- _ENTRIES PROVIDED_
┏━━

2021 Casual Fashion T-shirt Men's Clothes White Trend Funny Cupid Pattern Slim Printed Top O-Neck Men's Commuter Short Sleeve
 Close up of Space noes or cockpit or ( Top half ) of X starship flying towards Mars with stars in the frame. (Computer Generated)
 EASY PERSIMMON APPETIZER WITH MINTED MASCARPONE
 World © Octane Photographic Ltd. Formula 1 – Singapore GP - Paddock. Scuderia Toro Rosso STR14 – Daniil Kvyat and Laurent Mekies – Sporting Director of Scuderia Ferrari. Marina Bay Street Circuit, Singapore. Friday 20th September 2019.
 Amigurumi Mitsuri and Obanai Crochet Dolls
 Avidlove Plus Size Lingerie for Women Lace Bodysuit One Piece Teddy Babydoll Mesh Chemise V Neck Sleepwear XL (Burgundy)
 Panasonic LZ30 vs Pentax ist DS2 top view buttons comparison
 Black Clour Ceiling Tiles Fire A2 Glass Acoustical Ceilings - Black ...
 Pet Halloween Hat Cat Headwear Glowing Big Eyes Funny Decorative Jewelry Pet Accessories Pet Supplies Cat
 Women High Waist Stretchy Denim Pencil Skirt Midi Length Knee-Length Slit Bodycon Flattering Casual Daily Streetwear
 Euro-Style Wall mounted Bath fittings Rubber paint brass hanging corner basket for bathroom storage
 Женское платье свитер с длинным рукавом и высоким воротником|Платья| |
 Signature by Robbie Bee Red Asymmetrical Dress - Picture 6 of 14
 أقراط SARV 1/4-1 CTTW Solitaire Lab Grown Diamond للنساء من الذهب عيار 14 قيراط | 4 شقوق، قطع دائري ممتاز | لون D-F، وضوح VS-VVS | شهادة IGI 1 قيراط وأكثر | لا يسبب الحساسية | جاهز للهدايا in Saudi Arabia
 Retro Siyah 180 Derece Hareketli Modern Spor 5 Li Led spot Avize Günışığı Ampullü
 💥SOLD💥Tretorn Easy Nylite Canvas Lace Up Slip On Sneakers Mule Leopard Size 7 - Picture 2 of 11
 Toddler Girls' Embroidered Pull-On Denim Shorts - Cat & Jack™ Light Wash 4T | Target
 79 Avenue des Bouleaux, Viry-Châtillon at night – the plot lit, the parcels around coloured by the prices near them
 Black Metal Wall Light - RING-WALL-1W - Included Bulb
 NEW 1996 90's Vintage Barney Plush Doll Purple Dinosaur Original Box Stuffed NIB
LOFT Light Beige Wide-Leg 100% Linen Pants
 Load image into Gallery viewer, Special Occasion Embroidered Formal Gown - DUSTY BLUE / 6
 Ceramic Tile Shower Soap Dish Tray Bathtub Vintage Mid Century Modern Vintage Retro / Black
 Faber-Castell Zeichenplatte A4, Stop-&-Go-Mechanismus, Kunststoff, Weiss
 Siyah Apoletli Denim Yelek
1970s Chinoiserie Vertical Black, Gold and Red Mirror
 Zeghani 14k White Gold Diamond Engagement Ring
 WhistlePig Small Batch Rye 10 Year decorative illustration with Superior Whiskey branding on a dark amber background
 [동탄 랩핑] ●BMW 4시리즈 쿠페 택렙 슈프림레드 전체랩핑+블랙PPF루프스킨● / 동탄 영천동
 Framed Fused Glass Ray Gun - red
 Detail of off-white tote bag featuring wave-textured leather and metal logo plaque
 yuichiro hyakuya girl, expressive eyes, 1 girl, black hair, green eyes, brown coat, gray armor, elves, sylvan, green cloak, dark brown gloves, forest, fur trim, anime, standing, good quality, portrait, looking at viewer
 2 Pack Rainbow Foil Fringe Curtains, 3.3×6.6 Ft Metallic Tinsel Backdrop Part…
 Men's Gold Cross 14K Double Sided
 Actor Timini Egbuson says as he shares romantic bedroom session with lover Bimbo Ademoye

┗━━

Nothing beyond the line that contains "EASY PERSIMMON APPETIZER" belongs in the answer; reproduce the entries exactly from their first line through it.

2021 Casual Fashion T-shirt Men's Clothes White Trend Funny Cupid Pattern Slim Printed Top O-Neck Men's Commuter Short Sleeve
 Close up of Space noes or cockpit or ( Top half ) of X starship flying towards Mars with stars in the frame. (Computer Generated)
 EASY PERSIMMON APPETIZER WITH MINTED MASCARPONE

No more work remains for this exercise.